Bangs had a phone call or meeting (I think it was the former) with Levy and asked him about the writing of the song.   Levy said that he suggested the song to Dylan, and Dylan was excited about the idea, emphasising the point that Dylan was always interested in outlaws, citing the JWH album by way of example.  Levy put forward a strong defence of the Gallo family saying, “I think calling Joey [a hoodlum] is labelling someone unfairly, and he wasn’t a psychopath either.  He was just trying to build something to help his people and family, and I don’t mean in a Mafia sense.”  His view is he and Dylan worked on the song together.

It goes on to say that Joey was the victim of social circumstance, and that it was never proven that the Gallo family killed anyone.  When Bangs argued that Joey claimed to have killed Anastasia, Levy argues back that this was just his bragging style.

So, we have Dylan’s view that Levy wrote the words, and Levy’s view that they knocked around the ideas together.  Either way it seems that as Bangs says, Dylan didn’t do his homework, but then poets aren’t expected to do homework.   Which is probably why Plato banned poets from the Republic, now I come to think of it.

Bangs article is, as I suggest, really worth reading in depth.  Unfortunately what most people know about Bangs and this song is his comment in Creem, “One of the most mindlessly amoral pieces of repellently romanticist bullshit ever recorded.”  Heylin by and large has the same doubts, but being a lesser writer reduces it all to one sentence, “Gallo was just plain nuts.”

Heylin reports on Dylan discussing the choice of song with Larry Sloman (author of On the Road with Bob Dylan) three months before the release, with Dylan saying “I never considered him a gangster.  I always thought of him as some kind of hero… An underdog fighting against the elements.”

Piecing the bits together it does seem as if one way or another Dylan felt he had (in Heylin’s words) “an outlaw ballad as epic as the medieval Robin Hood ballads.”  And of course it is a theme Dylan has picked up on.

The problem is that none of us knows just how moral or immoral Robin Hood was (if there ever was a man whose activities served as the basis for the legend), given that he first turned up in Piers Plowman in the 14th century, and has been modified in legend ever since.

The big difference is that I am not too sure that many people other than Dylan have chosen to defend Joey Gallo, while Robin Hood has evolved into the absolute romantic English hero.  The county of Nottinghamshire (which by chance I visited last night) has (or certainly used to have) on its borders the sign “Robin Hood Country.”  (The traffic was heavy last night so I didn’t notice if those signs are still there as you enter the county). Nottingham Castle does Robin Hood tours, you can spend the day in Sherwood Forest and see the giant oak that (allegedly) the Merry Men met under etc etc etc.  I guess most of us who live nearby have done it a few times.

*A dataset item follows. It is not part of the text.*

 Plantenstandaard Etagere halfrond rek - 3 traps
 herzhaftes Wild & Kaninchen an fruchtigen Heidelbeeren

But Joey Gallo’s image is nothing like this.  The contentiousness of Robin Hood is simply that we have no idea who he was, or whether he was just a symbolic representation of a man who stood up for the poor.

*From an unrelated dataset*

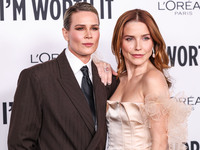 Ashlyn Harris and girlfriend Sophia Bush arrive at the 19th Annual L'Oreal Paris' Women Of Worth Celebration 2024 held at NeueHouse Hollywoo...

Back with Dylan, we also have to take into account where he was in his writing thus far in the year…

“Joey” doesn’t seem a natural progression from any of that, which makes it seem most likely that Levy did have a major, if not total involvement in the theme and the lyrics.

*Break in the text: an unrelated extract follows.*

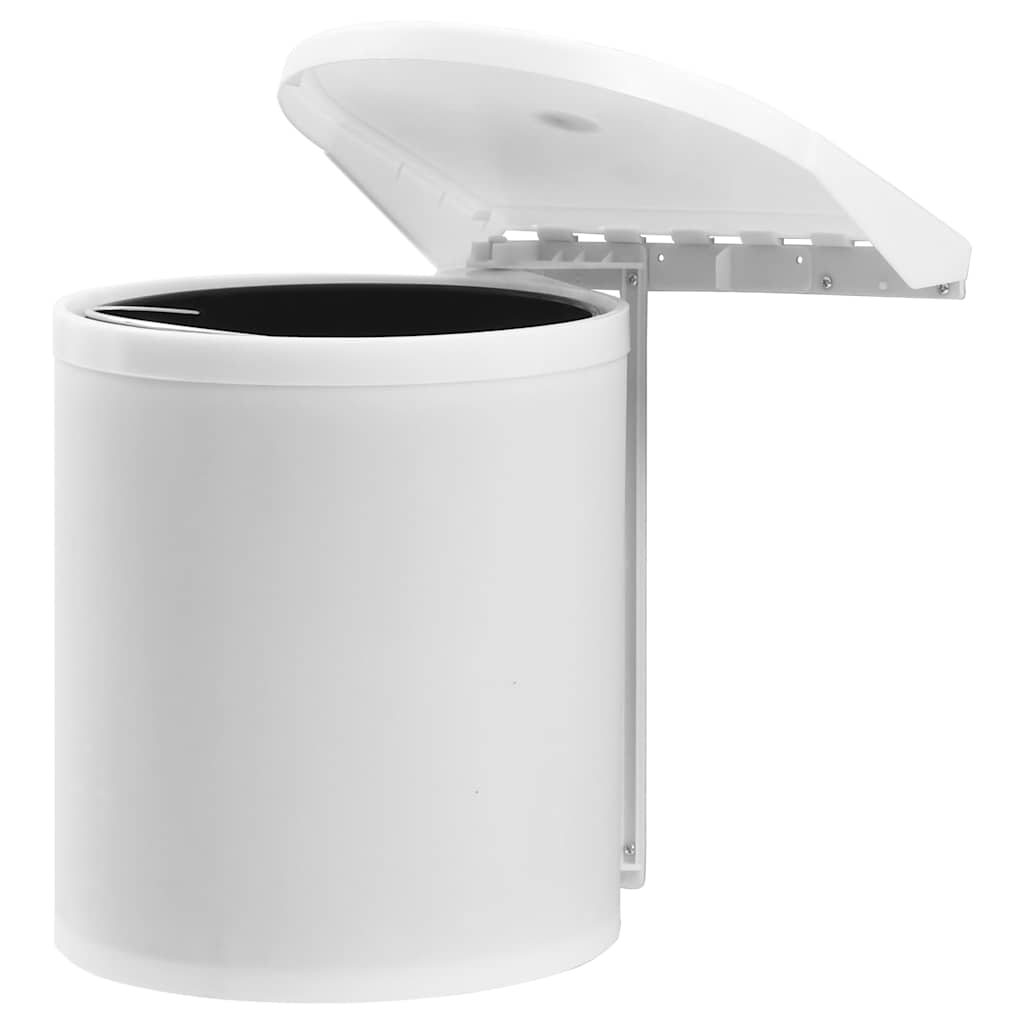 vidaXL Küchen-Einbau-Mülleimer Kunststoff 12 L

Of course not everyone has been critical.   The Allmusic review of the song calls it, “One of the finest songs on Desire” and notes that regardless of the questionable character the song is about, “it’s a beautiful creation. Dylan sings many of the verses, especially One day they blew him down in a clam bar in New York... with heartbreaking skill and timing, and is very persuasive in his evocation of Gallo’s life, whom he sees as a decent, kind man, a “king of the streets” and a man with morals (“But Joey stepped up, and he raised his hand/Said ‘We’re not those kind of men’…)

It then goes further and calls this “Arguably one of Dylan’s finest songs of the 1970s,”…

Rolling Stone however took a different line, arguing that, “When Bob Dylan sings about historical figures, he often gets a lot wrong. “Hurricane” is riddled with errors, and “The Lonesome Death of Hattie Carroll” is almost worse. “Joey” has some issues too, but it’s mainly objectionable for the simple fact that it glorifies a vicious mobster. Judging solely by the song, one would think he was a saint.  It does this across 11 minutes, and is ultimately interminable.”

Between 1987-2012 Dylan played the song at concerts 87 times, mostly, according to Heylin, forgetting the words along the way, including apparently in Brixton in late March 1995, “the night after they buried East End hoodlum Ronnie Kray.”   At least I think most people in the UK who consider such matters have a less forgiving vision of the Kray Twins than we get from Dylan’s vision of Joey.

Perhaps my problem with the song, in all the years before I picked up on who Joey was (and it really wasn’t that easy to get that information in England in the days before the internet unless a magazine like New Musical Express delved into it, and I can’t remember it doing so) was musical.  It just doesn’t have enough musical or fascinating or exhilarating interest for me (and this is of course a very personal view) to carry the length.

There is a slight interest gained from the fact that the song is in G but starts on the chord of C, however this is hardly unknown, and C, D, C, G as an opening chord sequence is hardly revolutionary.   Likewise ending the verse on A minor is intriguing, and carries us forwards, but then, after hearing it the first few times, we just know it is coming.

The same can be said of the end of the chorus.  Having used the classically correct chords for a song in G all the way through, Dylan throws in the chord of F under “What made them”.  Another nice twist, but he’s done it before.

One review from the Vinyl District had this interesting comment:

Had Dylan celebrated Gallo as a fascinating figure while honestly acknowledging he was a pathological killer, I’d have no trouble with “Joey.” Instead Dylan chose to transform Gallo into a kind of Mafioso saint, which is why “Joey” fails as art (despite the fact that its melody is really kinda catchy) and is totally dishonest at heart. 

And there is a part of me that is with that, except I don’t find the melody “kinda catchy”.

Here’s one other thing I found:  In a readers’ poll conducted by Mojo magazine, “Joey” was rated the 74th most popular Bob Dylan song of all time.  In a Rolling Stone survey of the 10 worst Dylan songs of all times, “Joey” got listed along with “If Dogs Run Free” and “Wiggle Wiggle”.

So…

There was talk they killed their rivals, but the truth was far from that
No one ever knew for sure where they were really at
When they tried to strangle Larry, Joey almost hit the roof
He went out that night to seek revenge, thinking he was bulletproof

The war broke out at the break of dawn, it emptied out the streets
Joey and his brothers suffered terrible defeats
Till they ventured out behind the lines and took five prisoners
They stashed them away in a basement, called them amateurs

The hostages were trembling when they heard a man exclaim
“Let’s blow this place to kingdom come, let Con Edison take the blame”
But Joey stepped up, he raised his hand, said, “We’re not those kind of men
It’s peace and quiet that we need to go back to work again”

Well, maybe.  Maybe not.  I’m an English guy, writing this looking out across the Northamptonshire countryside.   And I rarely believe what I read in the papers.